PROBLEM DESCRIPTION: Look below for the line that has "Сравнить продукты Aloe"; output exactly from it through the line that has "電動牙刷怎么選？四類傷牙坑貨危害深遠！", and leave the pictures out.

--- STUDY MATERIAL Enclosed Below ---

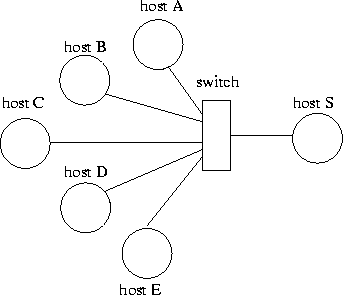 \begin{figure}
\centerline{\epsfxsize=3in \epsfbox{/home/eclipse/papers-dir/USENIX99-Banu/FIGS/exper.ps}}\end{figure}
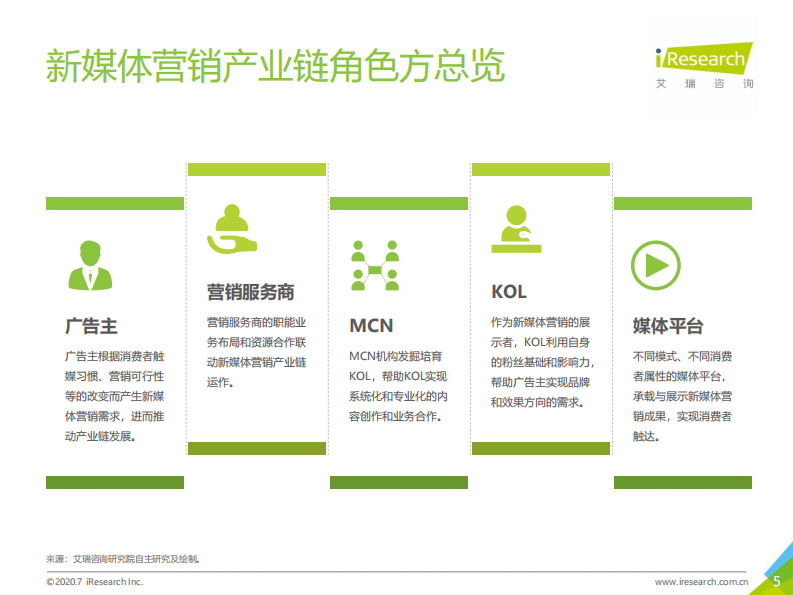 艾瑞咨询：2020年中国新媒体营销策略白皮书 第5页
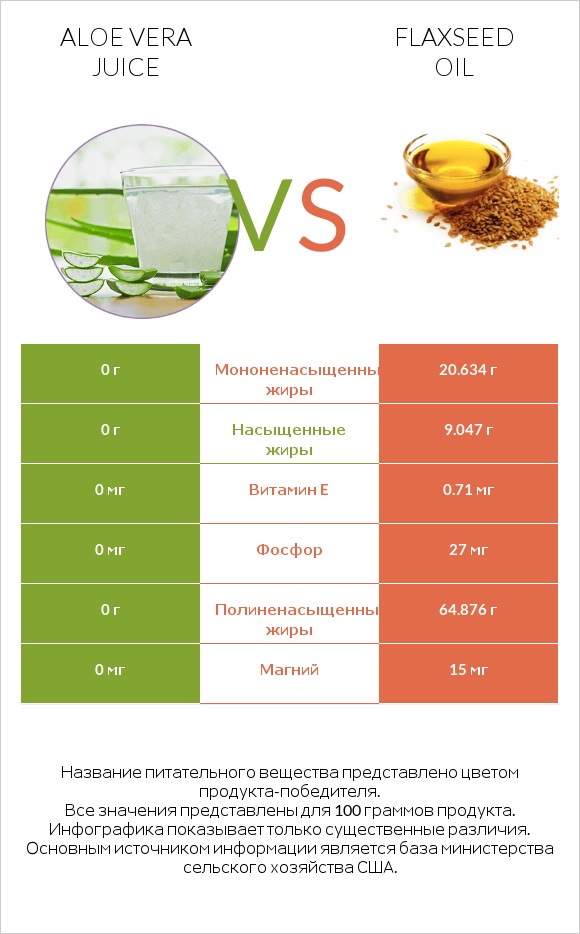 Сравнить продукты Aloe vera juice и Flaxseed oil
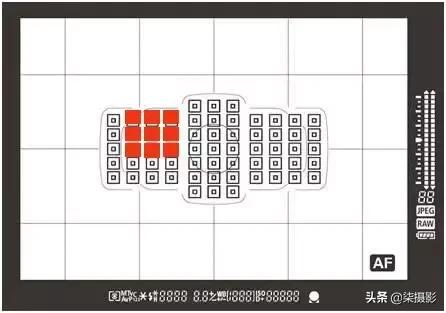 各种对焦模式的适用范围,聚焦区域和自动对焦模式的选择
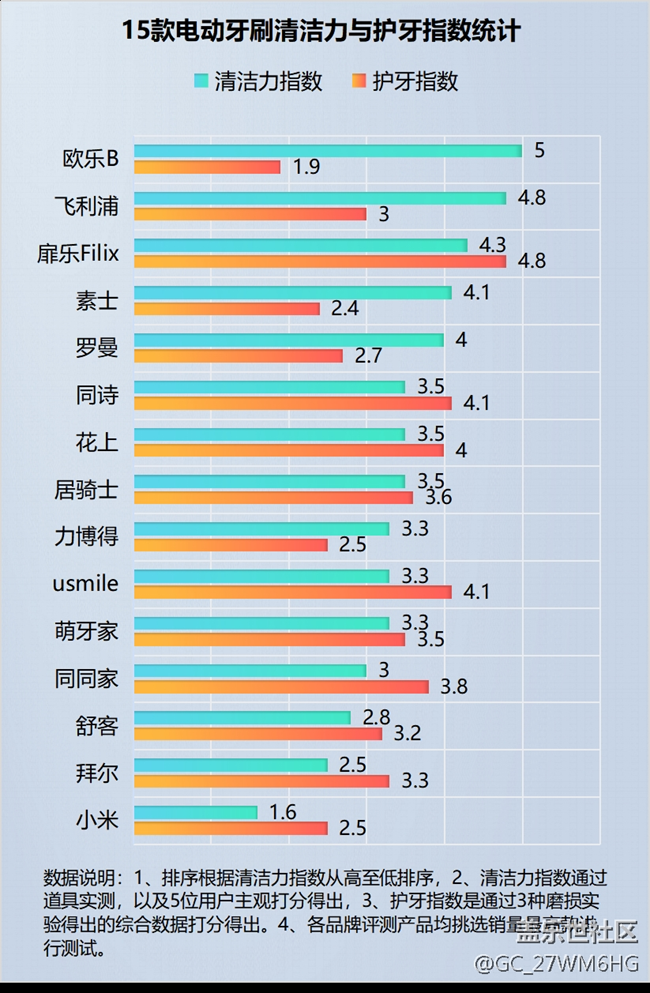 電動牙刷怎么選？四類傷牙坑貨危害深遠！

--- End of Enclosed STUDY MATERIAL ---
--- STUDY MATERIAL Enclosed Below ---

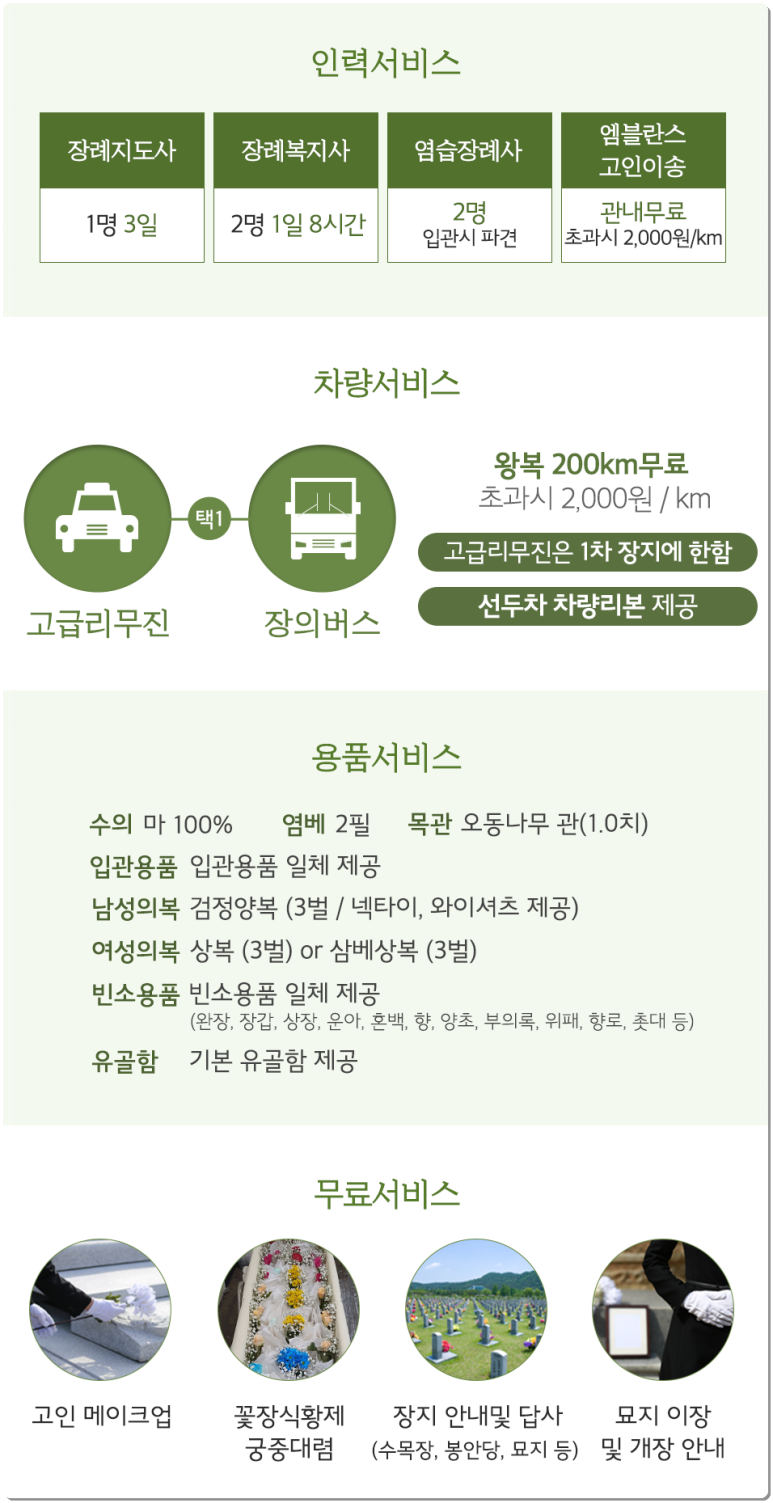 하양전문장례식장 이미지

--- End of Enclosed STUDY MATERIAL ---

REPLY TO THE TASK:
 Сравнить продукты Aloe vera juice и Flaxseed oil
 各种对焦模式的适用范围,聚焦区域和自动对焦模式的选择
 電動牙刷怎么選？四類傷牙坑貨危害深遠！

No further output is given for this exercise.